Ils ont donné leur nom à des rues de Strasbourg. Depuis 1803, dix-huit présidents se sont succédé à la CCI. Parmi eux, certains ont donné leur nom à des lieux publics (rues, avenues, pont, passerelle ou cité Jean-Georges Humann, Jean Conrad Sengenwald ou Alfred Herrenschmidt.
Regard sur Jean-Georges Humann
Président de la CCI de 1819 à 1831, qui a donné son nom à une rue de Strasbourg . Né à Strasbourg le 6 août 1780, Jean- Georges Humann fait son apprentissage dans une manufacture de tabacs à 14 ans. Il ouvre ensuite un petit commerce d’épicerie. Marié à 19 ans, il devient commissionnaire de roulage et s’enrichit dans le commerce des denrées coloniales. En 1806, sa fortune s’élève à un million et demi de francs. Dès 1811, il est nommé juge au tribunal de commerce. Cinq ans plus tard, il rejoint la commission qui administre les hospices civils. Membre de la chambre de commerce, il en devint le président en 1819.
Le premier alsacien nommé ministre Jean-Georges Humann fut envoyé à Paris en 1814 pour défendre le commerce strasbourgeois ; il réclama notamment l’abolition du monopole du tabac. Il devint un brasseur d’affaires considérable, participant à la création d’une compagnie d’assurances contre l’incendie, d’une raffinerie de sucre à la Meinau, d’une compagnie rhénane de navigation à vapeur. En 1821, il créa une compagnie pour l’achèvement du canal du Rhône au Rhin, appelé alors Canal Monsieur. «L’industrie fait la puissance des sociétés modernes», dit-il au roi Charles X, venu en Alsace en 1828, en précisant : «La liberté est la vie de l’industrie, la condition de son développement.

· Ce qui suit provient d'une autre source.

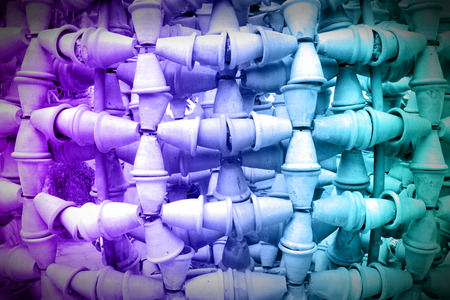 Colorful of jardiniere baked clay, abstract background.の写真素材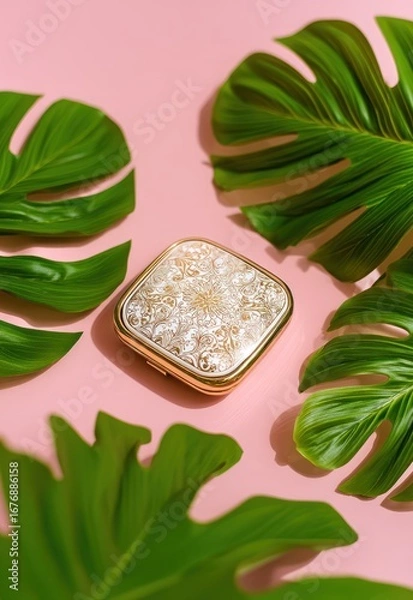 Fototapeta A luxurious, gold-toned compact mirror rests prominently on a soft pink surface, surrounded by vibrant green monstera leaves. The leaves, with their characteristic deep green color and glossy texture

Défenseur du commerce alsacien Sa carrière politique commença sous la Restauration, en 1819, lorsqu’il fut nommé membre du conseil général du Bas-Rhin. De 1833 à sa mort, il fut l’élu du canton de Sélestat. Il présida l’assemblée départementale en 1831, puis de 1836 à 1841. Elu au suffrage censitaire, député du Bas-Rhin en 1820
Ministre des Finances de 1832 à 1836, puis de 1840 jusqu’à sa mort, il fut le premier Alsacien à devenir ministre. «La carrière de Jean-Georges Humann est à la gloire de la démocratie française,» écrivit Le National, le lendemain de sa mort. Après la guerre de 1914-1918, devant la situation déplorable des finances publiques, Poincaré lui rendit hommage en s’écriant : «il nous faudrait un Humann !».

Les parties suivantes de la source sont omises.